Only the lines from the one containing "Camisa Crepe Visco Ruffle Shirt Off White" through the end of the entries should be returned, exactly as they are, with the pictures omitted.

INPUT DATA:

* * *

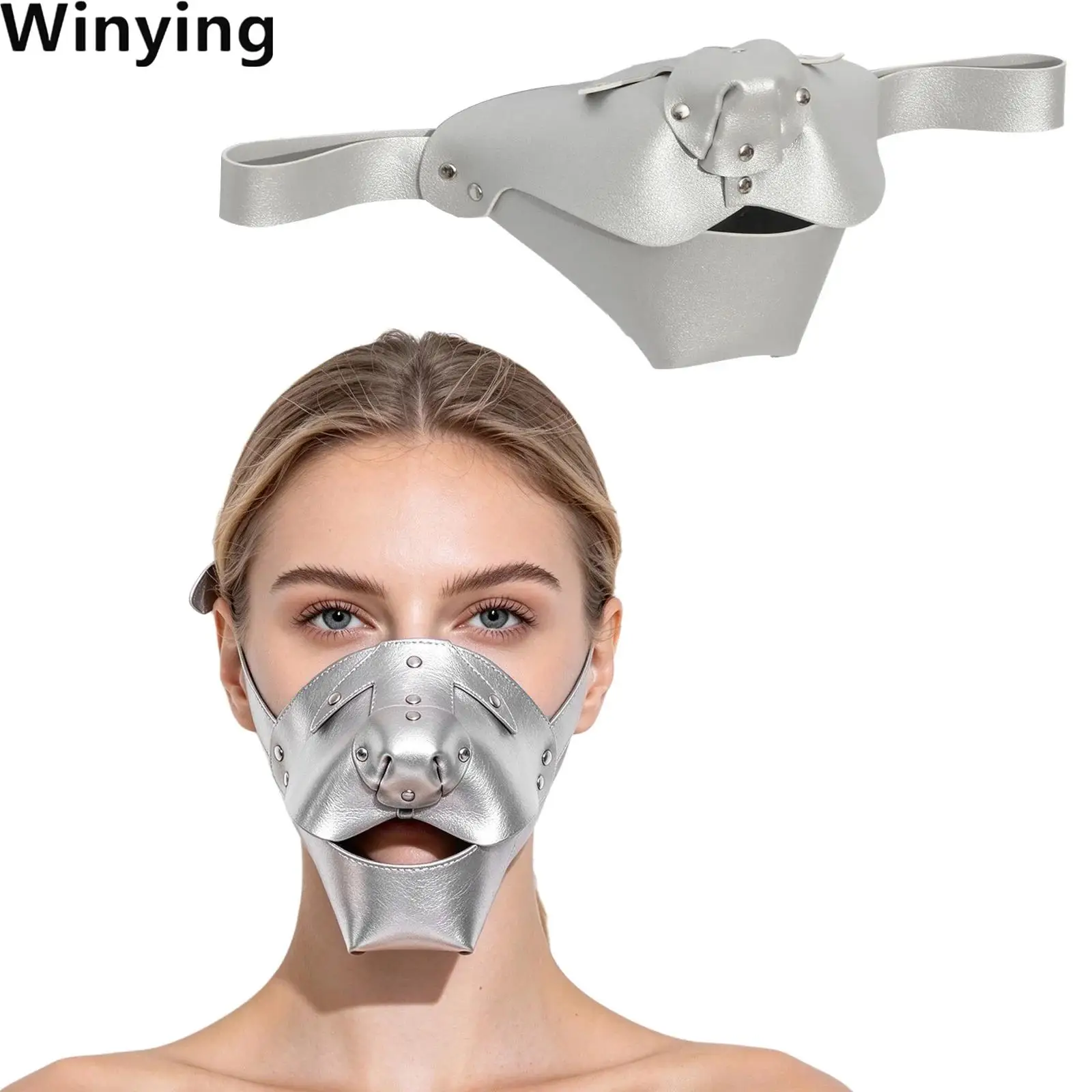 Unisex Adults Steampunk Style Irregular Faux Leather Mask with Adjustable Strap for Halloween Cosplay Party Stage Performance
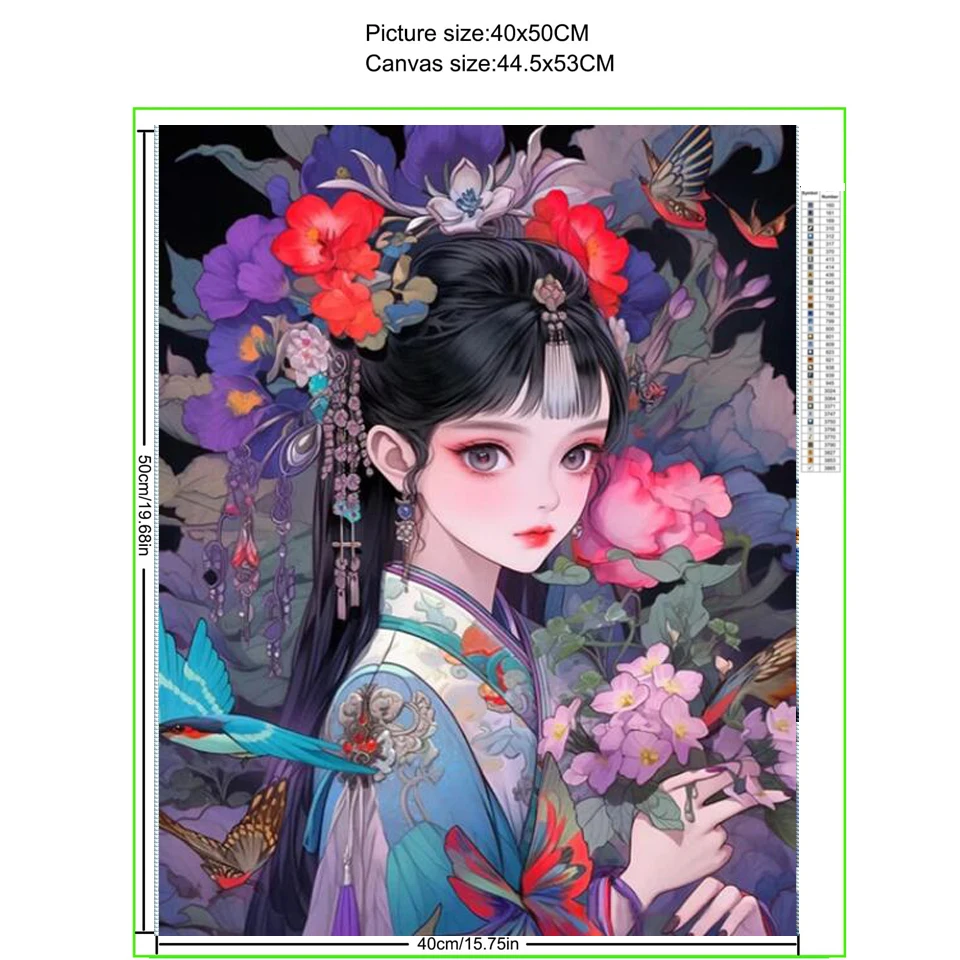 Flower Anime Fairy 5D DIY Diamond Painting Girl Flower and Bird Full Diamond Mosaic Embroidery Cross Stitch Home Decor X1332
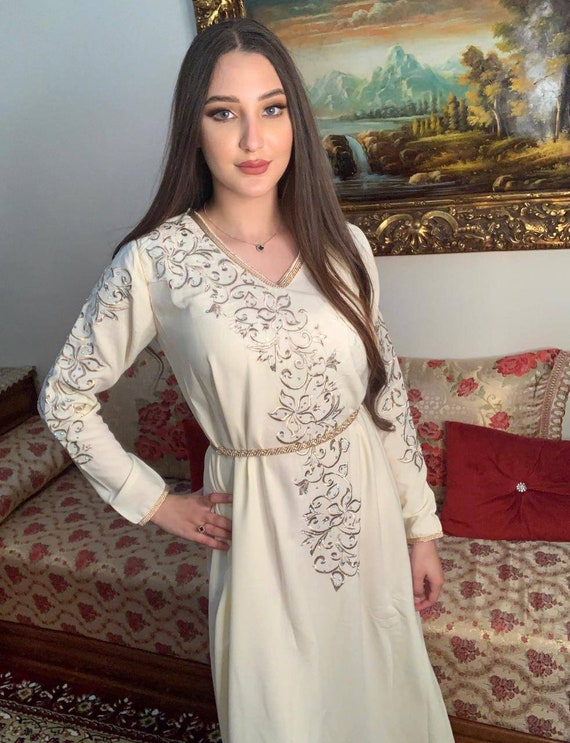 Moroccan Kaftan Embroidered Kaftan Cristal Mabra Roube Etsy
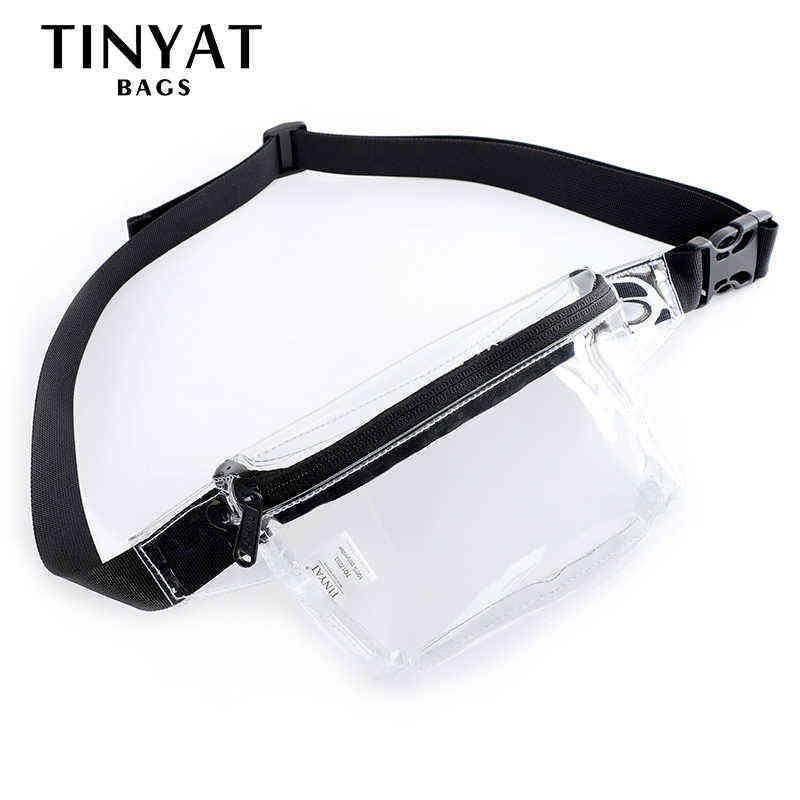 

TINYAT waist bag pouch women money phone belt pvc clear female fanny pack hip jelly banana for girl transparent 211228, Black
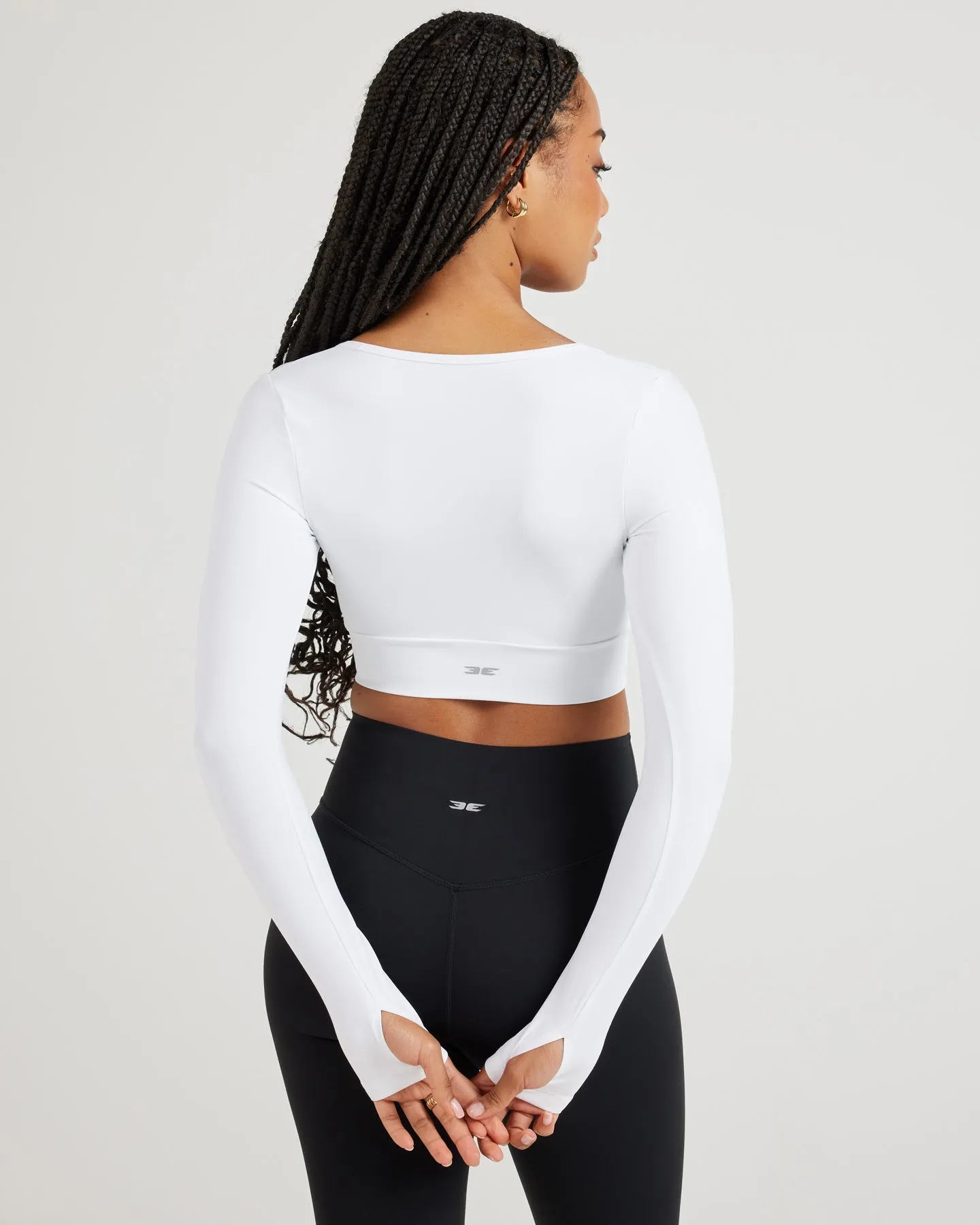 Airey Scoop Crop Long Sleeve - White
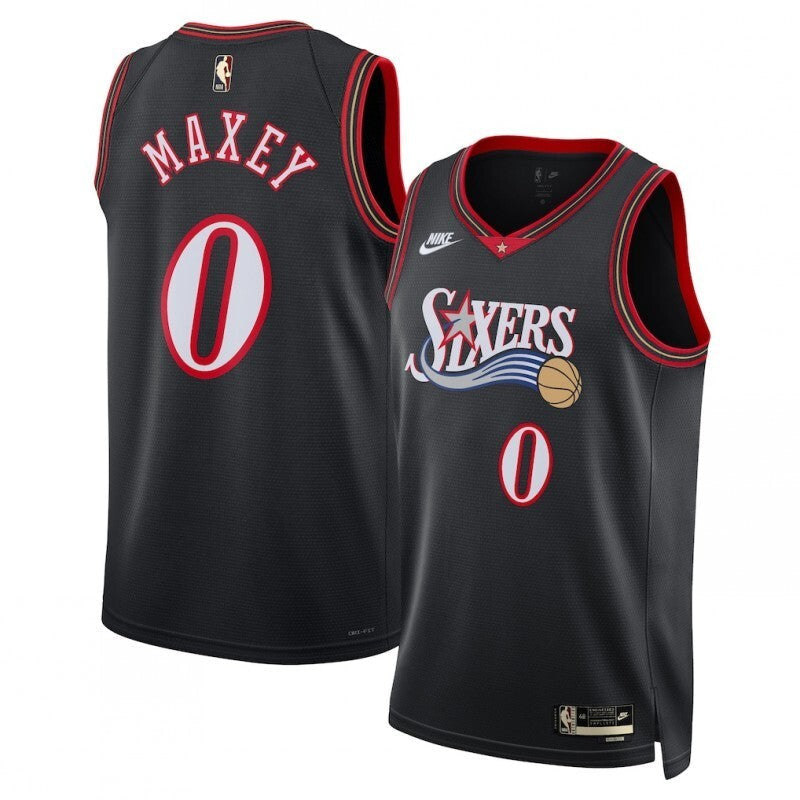 philadelphia 76ers #0 tyrese maxey unisex swingman jersey - classic edition - black Basketball Jersey basketball jersey product view 1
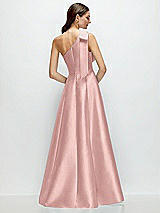 Rear View Thumbnail - Rose - PANTONE Rose Quartz Bow One-Shoulder Full A-Line Satin Maxi Dress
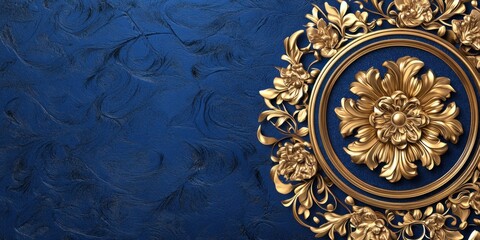 Poster - Elegant Gold Floral Ornament on Deep Blue Background Luxury Decorative Design 3D Render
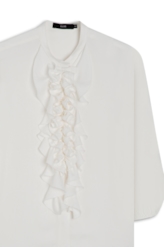 Camisa Crepe Visco Ruffle Shirt Off White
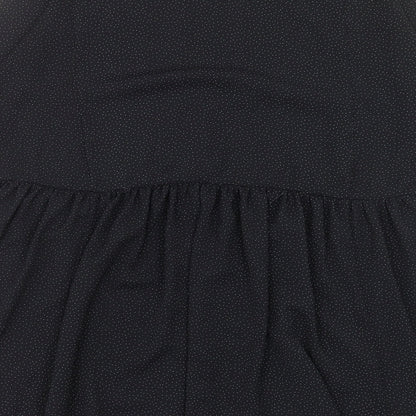 Monkl Womens Black Geometric Polyester A-Line Size S Round Neck Button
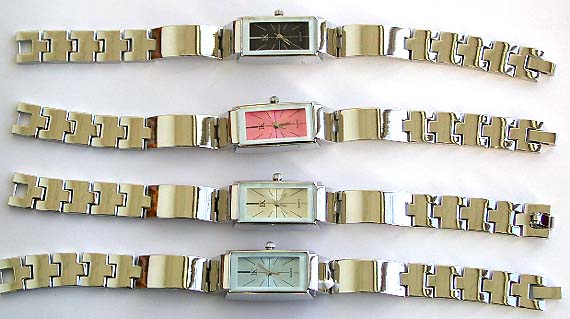 Fashion bracelet watch with long rectangular clock face design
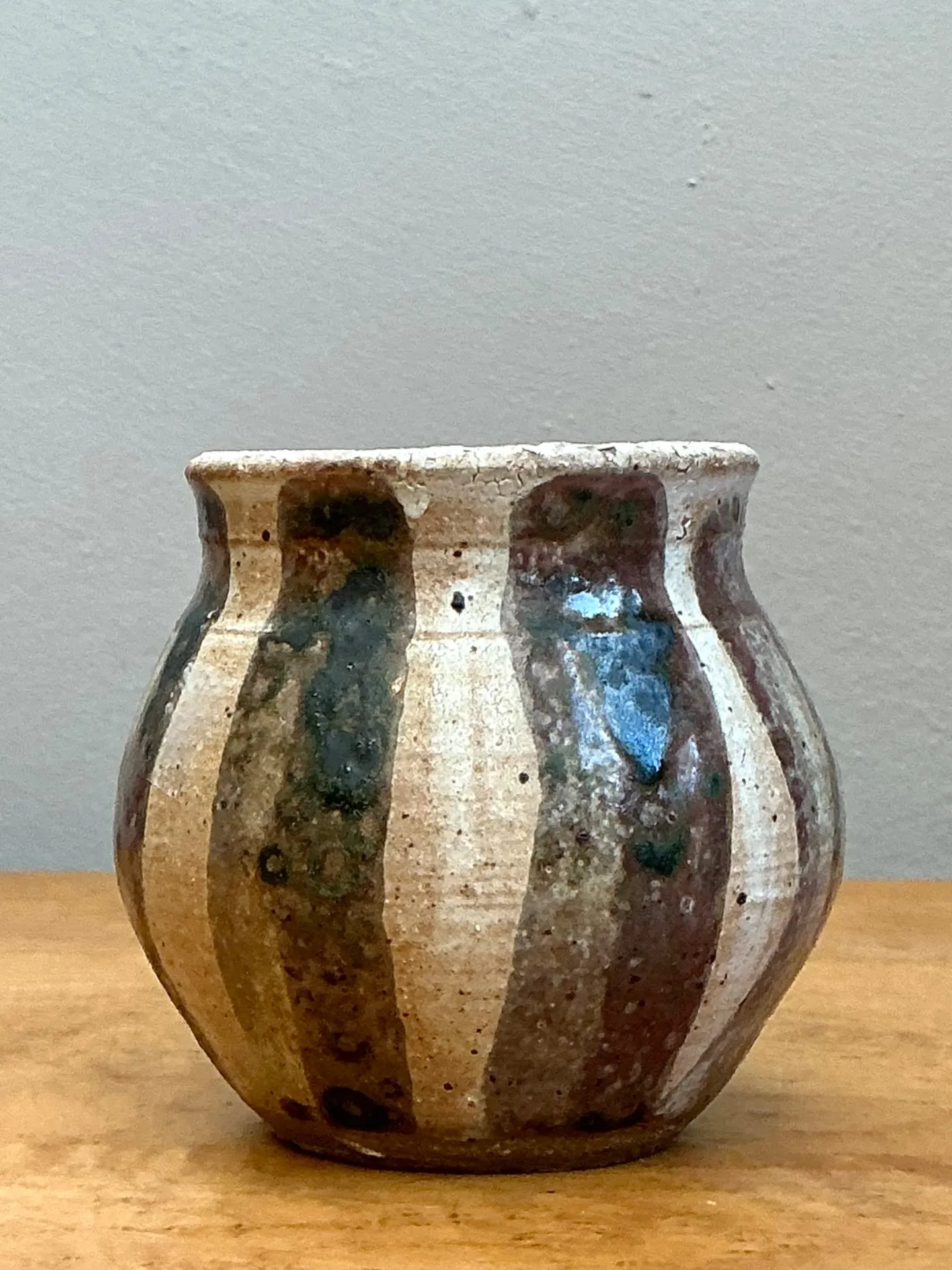 Vintage Striped Studio Pottery Vase — additional photo 1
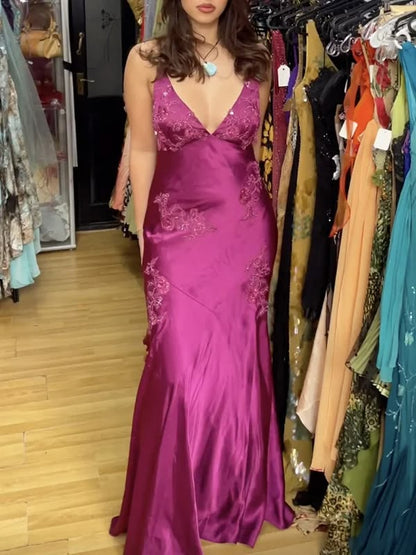 Gorgeous Spaghetti Straps Prom Dress Sequins Backless Mermaid Evening Dress GG8087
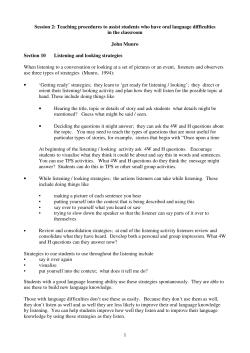 1 Session 2: Teaching procedures to assist students who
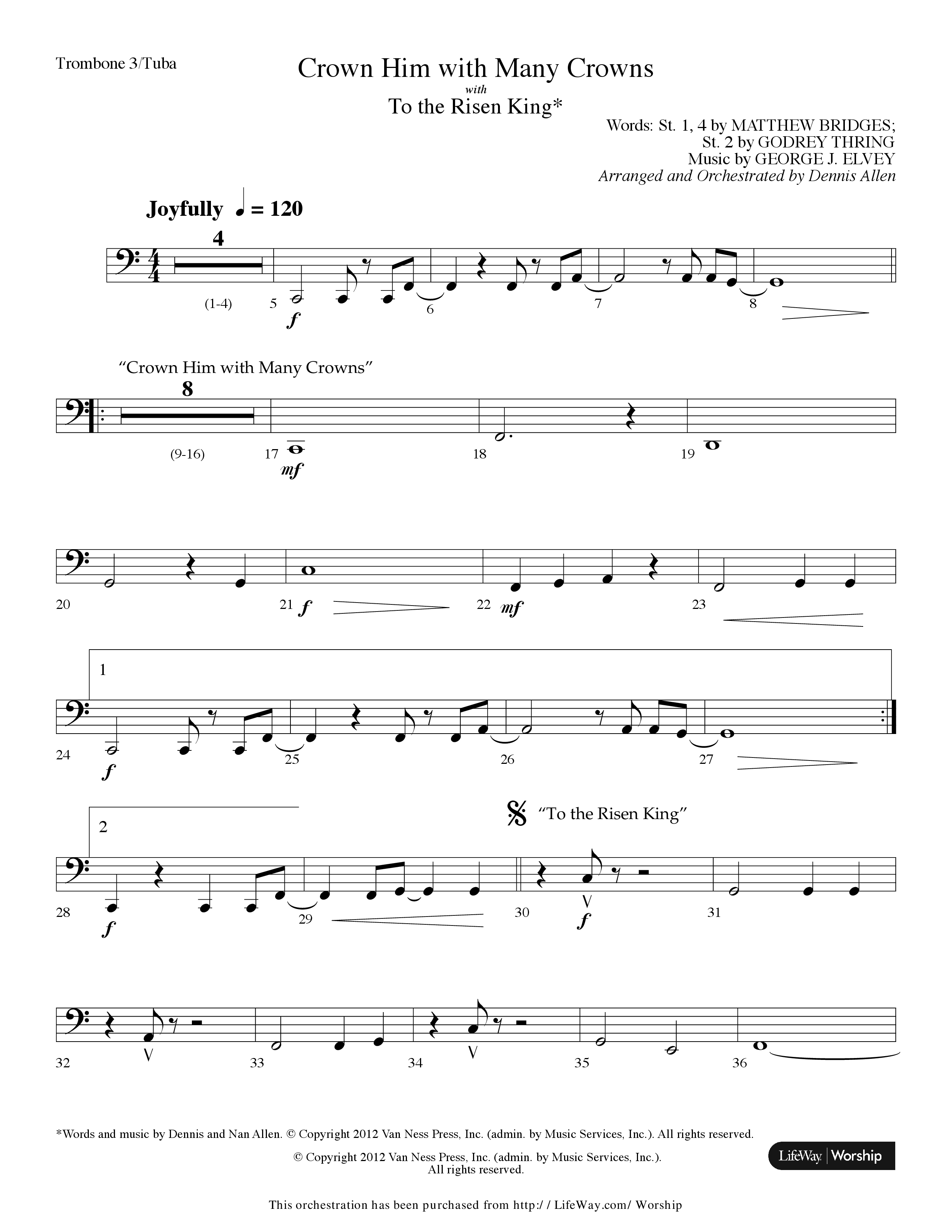 Crown Him With Many Crowns (with To The Risen King) (Choral Anthem SATB) Trombone 3/Tuba (Lifeway Choral / Arr. Dennis Allen)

* * *

RESPONSE FOR THIS EXERCISE:
 Camisa Crepe Visco Ruffle Shirt Off White
 Monkl Womens Black Geometric Polyester A-Line Size S Round Neck Button
 Fashion bracelet watch with long rectangular clock face design
 Vintage Striped Studio Pottery Vase — additional photo 1
 Gorgeous Spaghetti Straps Prom Dress Sequins Backless Mermaid Evening Dress GG8087
 1 Session 2: Teaching procedures to assist students who
 Crown Him With Many Crowns (with To The Risen King) (Choral Anthem SATB) Trombone 3/Tuba (Lifeway Choral / Arr. Dennis Allen)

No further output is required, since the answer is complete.